Updated. The year 1962, the terminus of Richard Vacca’s new history of Boston jazz, marked an end to an era. Fifty years later, with the cutbacks in jazz programming at WGBH, are we approaching a similar inflection point?
By J. R. Carroll.
I’m sitting here, as I have many a Friday evening, listening to Steve Schwartz, a genial and informed voice that will soon be gone from Boston’s airwaves. On the table near me is a copy of Richard Vacca’s impressive new history, The Boston Jazz Chronicles: Faces, Places, and Nightlife 1937-1962 (there’s a fine interview with him today on Steve Provizer’s Brilliant Corners blog). Pondering this juxtaposition, I can’t help but wonder if, 50 years later, the Boston jazz world is approaching a similar inflection point, an end to an era.
Vacca’s book (which I’ll be reviewing in the near future) is filled with clubs that closed, musicians who moved on, writers who put down their pens. With the impending cutbacks in jazz programming at WGBH (which have been touted, in Orwellian fashion, as a “new focus on jazz”), are we again facing a bleak period of attrition, or will what Russ Gershon has aptly described as the “famously fractious” Boston jazz community pull together, marshal its supporters, forge the alliances it needs, regroup and rebuild?
In the immediate aftermath, community discussion coalesced around two Facebook groups (Save Eric in the Evening and Save Jazz on WGBH Now!) opposing the programming changes. Points of contact at WGBH were identified, and group members recounted the responses their sometimes impressively eloquent emails to management had elicited. An online petition was initiated, and ingenious gestures of protest proposed. How about swarms of musicians, instruments in hand, parading to the station? Or a mass burning of WGBH membership cards? Mostly, though, hopes have been pinned on a firestorm of impassioned emails somehow persuading station management to reconsider their decisions.
And so, as Steve Schwartz’s penultimate broadcast on WGBH winds down, that’s where the situation stands. It’s somebody’s move, but whose? Perhaps the answer will emerge over the weekend. [Hmmm, Steve just closed his show saying that he would be off next Friday, June 29, to attend the Montreal Jazz Festival and would be back in two weeks, on July 6. Given that the program changes were supposed to kick in on July 2, what could this mean?]
Meanwhile, word is spreading, local media are taking notice, and responses are coming in from beyond the reach of WGBH’s signal. Boston.com has posted commentary by Mark Leccese and Joel Brown. A vigorous discussion erupted on the Radio-Info.com Discussion Boards.
Of particular note is the article on the Berkshire Fine Arts website by Pittsfield Jazz Festival Director Ed Bride, which pulls together comments from and texts of emails sent by jazz hosts from around the country and invokes similarly distressing situations in the past at Chicago’s WBEZ, Lansing’s WLNZ, and Pittsburgh’s former WDUQ.

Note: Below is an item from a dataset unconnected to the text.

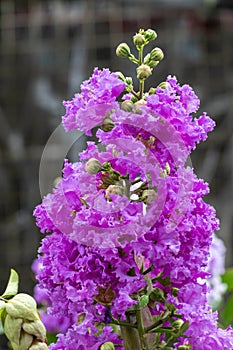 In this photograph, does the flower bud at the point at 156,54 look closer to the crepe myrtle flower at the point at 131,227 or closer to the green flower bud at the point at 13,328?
the crepe myrtle flower at the point at 131,227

[Update: Bobby Jackson, former music director at Cleveland’s WCPN, has posted a powerful comment to Ed’s article. Also, Jazz Journalists Association president Howard Mandel, who wrote to WGBH protesting the cutbacks, has picked up on Ed’s article and added some insightful commentary.]
So, what next? There’s been a disconcerting public silence on the part of the leadership of Boston’s largest jazz institutions, and one can only hope that they are part of efforts behind the scenes to head off this existential threat and either restore Eric and Steve to their accustomed roles at WGBH or else find new homes for these exemplary ambassadors for Boston jazz.